Many kalpa ago, long before the creation of this universe or any other, there was a great and vast abyss. If any man or beast had come before the fathomless void, it is not known. What is known is that there was only one being present to witness this impossible expanse: Khahrahk, who is Bearer of the Sevenfold Truth, Defiler of Stars, and All-Conqueror. In this un-domain where nothing could ever be or not be, Khahrahk, who is paradox made flesh and enshrined in ipseity, spoke himself into being:

"I am not that I am."

For a time (for what little meaning the word held, then), Khahrahk slept in this non-place, content in his own nihility.

Then came Omnigenesis.

If all things must have a beginning and end, then this was the beginning of the very concept of beginnings. This was not simply the genesis of a world, but the genesis of all worlds at once. Every universe was being born simultaneously, pressing and jostling one another like starving men in the crowded marketplace.

Chaos was giving birth to Erebus and Nyx. Atum was rising from the primordial sea. MEKHANE was drawing up the blueprints for causality. Yaldabaoth was spawning its first young. The Tree of Knowledge was being planted by a hideous serpent and Mother Death was teaching the syllables of creation to her thirteen children. On and on it went, an unending chain of ex nihilo.

Time was not yet a river— it was an ocean, an unceasing torrent that surged into the future into the past into the present. Space was likewise difficult to define; there was no boundary separating any one thing from any other, no distinction between a place and a person. That-which-would-become-the-multiverse was a whorl of matter and thought.

Khahrahk, whose breath is the sundering of worlds, saw this and felt extinction-fire flare in his chest— but there was nothing to be done.

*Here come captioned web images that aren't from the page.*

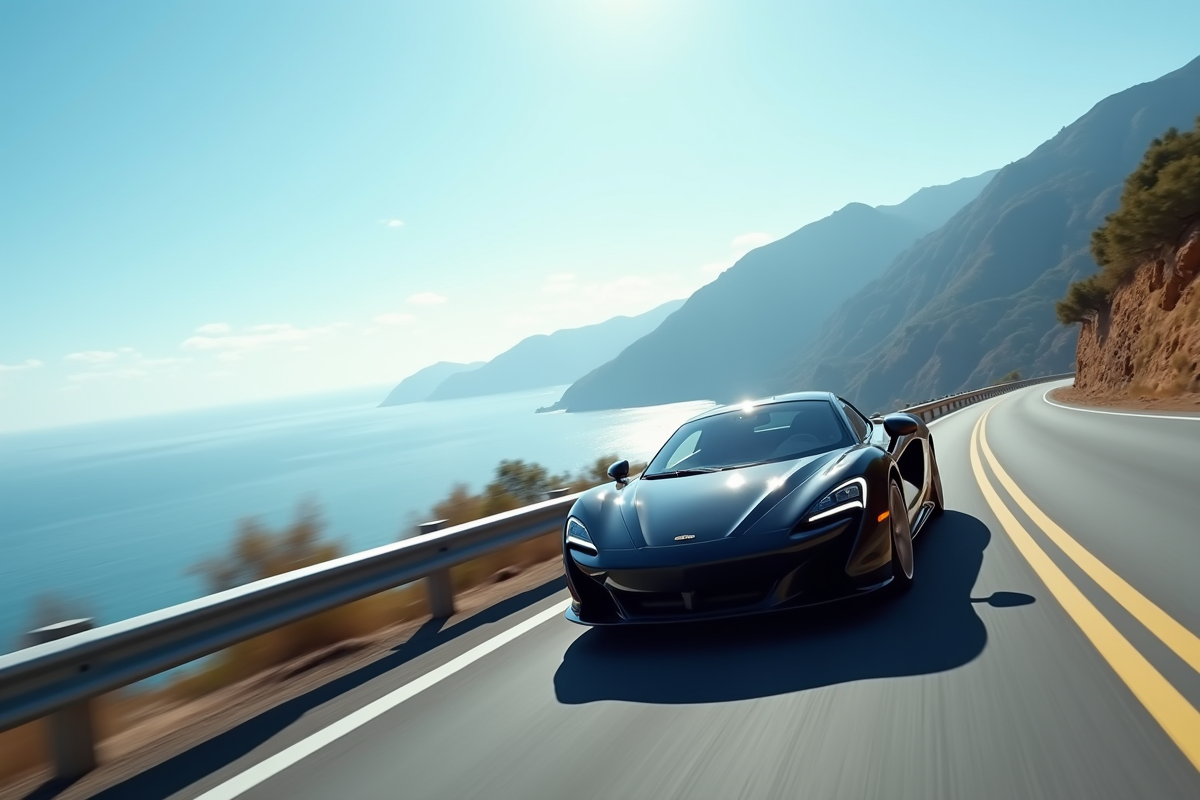 voiture personnelle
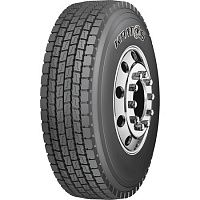 Грузовые шины Kpatos KTR67 11/0 R22,5 146/143M 16pr (Ведущая)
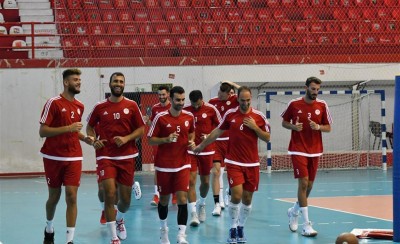 Ξεκίνησε η προετοιμασία του Θρύλου (photos)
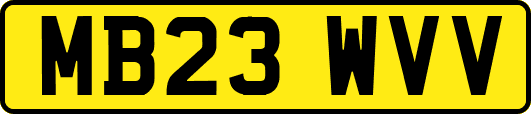 MB23WVV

In this place where everything flowed freely into everything else, where all things existed beyond understanding or limit, conquest was made meaningless— and Khahrahk knew this.

For seven days and seven nights, Khahrahk worked in the great brass forge that is GLORY. It was then when he preformed his first— and last —act of creation: the Ur-Blade. It was a thing of beauty, made not of metal, but raw conceptual matter. Khahrahk had created the very idea of a blade. So sharp was it, that it could cut a shadow from the wall, slice a single breath from the air. So thin was its edge, that it could slip between atoms without disturbing a single quark.

On the eighth day, Khahrahk took the Ur-Blade, still hot as a white star, and carved into being the Law of Blades. And into the Law he etched seven tenets. And from the Law division was born; boundaries emerged between people, places, and moments. Difference bloomed like wildflowers and dissent began spreading across the land. The multiverse as we know it had begun.

Khahrahk saw this and thought it good.

LAW OF BLADES

  1. Existence is violence. If one is to gain, another must lose.
  2. A blade is naught but crude metal. To master the Law of Blades, one must first hone one's very being to a razor's edge.
  3. A thing that can change itself at will is a thing that is beyond injury. To change oneself is to destroy oneself. Therefore, the greatest defense is self-annihilation.
  4. Truth is a falsehood born from the weakness of fools. Enlightenment can only be achieved through self-deception.
  5. Do not seek victory, for even the most overwhelming triumph may be overturned. Seek inevitability. Become as ceaseless as the tide, as enduring as the stars, and all will be yours, given time.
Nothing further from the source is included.